AIRR Community Data Standards

https://docs.airr-community.org

Creative Commons Attribution 4.0 International

35 stars 23 forks source link

Clarification on umi_count/duplicate_count/consensus_count #743

Closed grst closed 5 months ago

grst commented 5 months ago

In the context of single-cell TCR data, I've always been a bit confused about what to put in which field. I've seen in the latest revision of the AIRR standard, a umi_count field has been added to resolve some of this ambiguity.

Just to be sure I got this right:

umi_count should contain the deduplicated read count (i.e. the number of unique UMIs)
duplicate_count now remains empty (what is it actually for?)
consensus_count should contain the raw read count (before UMI deduplication)

Is this correct?

This came up in https://github.com/scverse/scirpy/issues/478

bcorrie commented 5 months ago

I'm glad you asked that question... 8-) Not...

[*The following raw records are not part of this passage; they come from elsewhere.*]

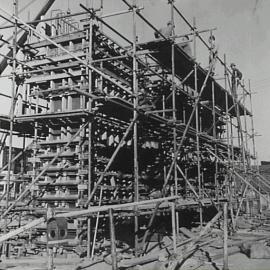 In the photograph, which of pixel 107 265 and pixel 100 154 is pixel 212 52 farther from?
pixel 107 265

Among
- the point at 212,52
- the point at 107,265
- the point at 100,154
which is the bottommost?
the point at 107,265

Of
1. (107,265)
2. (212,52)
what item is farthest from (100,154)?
(212,52)

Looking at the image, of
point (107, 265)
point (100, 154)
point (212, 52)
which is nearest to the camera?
point (107, 265)

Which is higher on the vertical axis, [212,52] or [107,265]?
[212,52]

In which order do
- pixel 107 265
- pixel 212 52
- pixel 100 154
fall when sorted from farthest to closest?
pixel 212 52 < pixel 100 154 < pixel 107 265

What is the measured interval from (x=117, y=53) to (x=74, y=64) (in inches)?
97.4

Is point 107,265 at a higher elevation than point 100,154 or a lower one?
lower

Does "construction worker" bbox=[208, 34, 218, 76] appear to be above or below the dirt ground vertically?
above

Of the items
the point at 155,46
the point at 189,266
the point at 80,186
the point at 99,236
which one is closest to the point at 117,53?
the point at 155,46

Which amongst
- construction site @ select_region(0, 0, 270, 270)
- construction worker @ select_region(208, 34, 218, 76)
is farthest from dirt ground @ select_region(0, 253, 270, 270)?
construction worker @ select_region(208, 34, 218, 76)

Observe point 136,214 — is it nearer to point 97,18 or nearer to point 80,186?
point 80,186

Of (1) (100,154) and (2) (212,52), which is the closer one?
(1) (100,154)

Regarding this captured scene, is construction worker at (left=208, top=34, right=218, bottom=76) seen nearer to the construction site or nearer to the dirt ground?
the construction site

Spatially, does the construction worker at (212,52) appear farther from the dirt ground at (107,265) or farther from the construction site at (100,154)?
the dirt ground at (107,265) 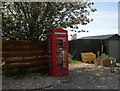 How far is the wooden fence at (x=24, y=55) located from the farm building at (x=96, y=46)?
7.37 m

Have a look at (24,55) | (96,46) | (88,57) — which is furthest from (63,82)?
(96,46)

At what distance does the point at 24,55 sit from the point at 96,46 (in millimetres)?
9936

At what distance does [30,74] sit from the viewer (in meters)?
10.8

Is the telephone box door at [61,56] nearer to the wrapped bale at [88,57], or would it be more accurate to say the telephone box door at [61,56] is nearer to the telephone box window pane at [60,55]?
the telephone box window pane at [60,55]

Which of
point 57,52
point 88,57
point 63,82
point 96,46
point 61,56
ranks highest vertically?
point 96,46

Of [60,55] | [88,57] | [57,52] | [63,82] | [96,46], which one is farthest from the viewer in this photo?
[96,46]

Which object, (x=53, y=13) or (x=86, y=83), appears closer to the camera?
(x=86, y=83)

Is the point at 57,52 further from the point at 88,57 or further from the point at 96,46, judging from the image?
the point at 96,46

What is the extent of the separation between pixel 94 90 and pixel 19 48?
4556 millimetres

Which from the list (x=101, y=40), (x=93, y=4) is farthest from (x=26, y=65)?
(x=101, y=40)

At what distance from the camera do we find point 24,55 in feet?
35.9

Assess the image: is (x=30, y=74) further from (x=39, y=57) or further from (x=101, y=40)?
(x=101, y=40)

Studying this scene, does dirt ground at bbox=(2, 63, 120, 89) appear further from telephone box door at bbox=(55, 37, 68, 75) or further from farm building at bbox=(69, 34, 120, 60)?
farm building at bbox=(69, 34, 120, 60)

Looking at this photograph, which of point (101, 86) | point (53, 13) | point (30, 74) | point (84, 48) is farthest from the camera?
point (84, 48) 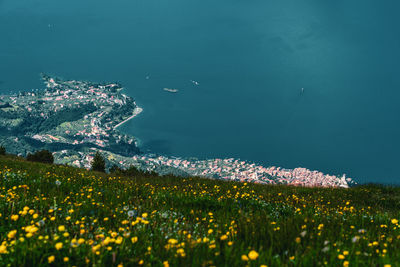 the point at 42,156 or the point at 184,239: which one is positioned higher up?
the point at 42,156

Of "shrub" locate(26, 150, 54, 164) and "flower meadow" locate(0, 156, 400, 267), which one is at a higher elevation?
"shrub" locate(26, 150, 54, 164)

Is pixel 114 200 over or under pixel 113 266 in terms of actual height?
over

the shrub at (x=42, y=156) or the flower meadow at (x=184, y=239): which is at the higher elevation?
the shrub at (x=42, y=156)

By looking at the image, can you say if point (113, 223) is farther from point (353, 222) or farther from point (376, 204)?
point (376, 204)

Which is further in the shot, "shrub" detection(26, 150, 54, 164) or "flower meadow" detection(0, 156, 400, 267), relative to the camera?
"shrub" detection(26, 150, 54, 164)

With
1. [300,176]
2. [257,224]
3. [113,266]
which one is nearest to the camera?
[113,266]

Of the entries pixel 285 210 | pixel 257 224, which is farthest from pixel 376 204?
pixel 257 224

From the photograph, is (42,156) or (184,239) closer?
(184,239)

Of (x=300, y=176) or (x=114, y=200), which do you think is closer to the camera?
(x=114, y=200)

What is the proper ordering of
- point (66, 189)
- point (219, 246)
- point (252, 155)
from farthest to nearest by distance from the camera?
point (252, 155)
point (66, 189)
point (219, 246)

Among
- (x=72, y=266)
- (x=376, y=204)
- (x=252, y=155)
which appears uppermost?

Other might provide a more precise answer, but my understanding is that duplicate_count doesn't apply to single-cell 10X style experiments - see https://github.com/airr-community/airr-standards/issues/543#issuecomment-1034020133

It is for use in non-UMI bulk studies if I understand correctly.

The different fields stem from trying to capture the different types of counts one might have with such varying techniques such as bulk and single-cell.

See the associated very long threads as to how this was arrived at. Perhaps we need to update the docs to better reflect this?

bcorrie commented 5 months ago

I am hoping that @javh @scharch might comment on your use of consensus_count and umi_count, it seems right to me but I am not an expert.

scharch commented 5 months ago

Yes, I think this is correct. See https://github.com/airr-community/airr-standards/issues/161#issuecomment-967277462 that duplicate_count is intended for use when there are no UMIs in the experimental protocol.

schristley commented 5 months ago

duplicate_count now remains empty (what is it actually for?)

Exact sequence duplicates, that is, same length and identical nucleotide sequence. Almost used exclusively by pre-processing tools for bulk AIRR-seq. As those duplicate sequences will have identical annotations from (say) IgBlast, it is used as an optimization to speed up the analysis workflow.

schristley commented 5 months ago

A further point. It is important for downstream analysis tools to be aware and use duplicate_count, especially if they are performing counts or statistics that take the number of sequences into account.

grst commented 5 months ago

Got it, thanks everyone! Scirpy will use the umi_count field by default from the next release on.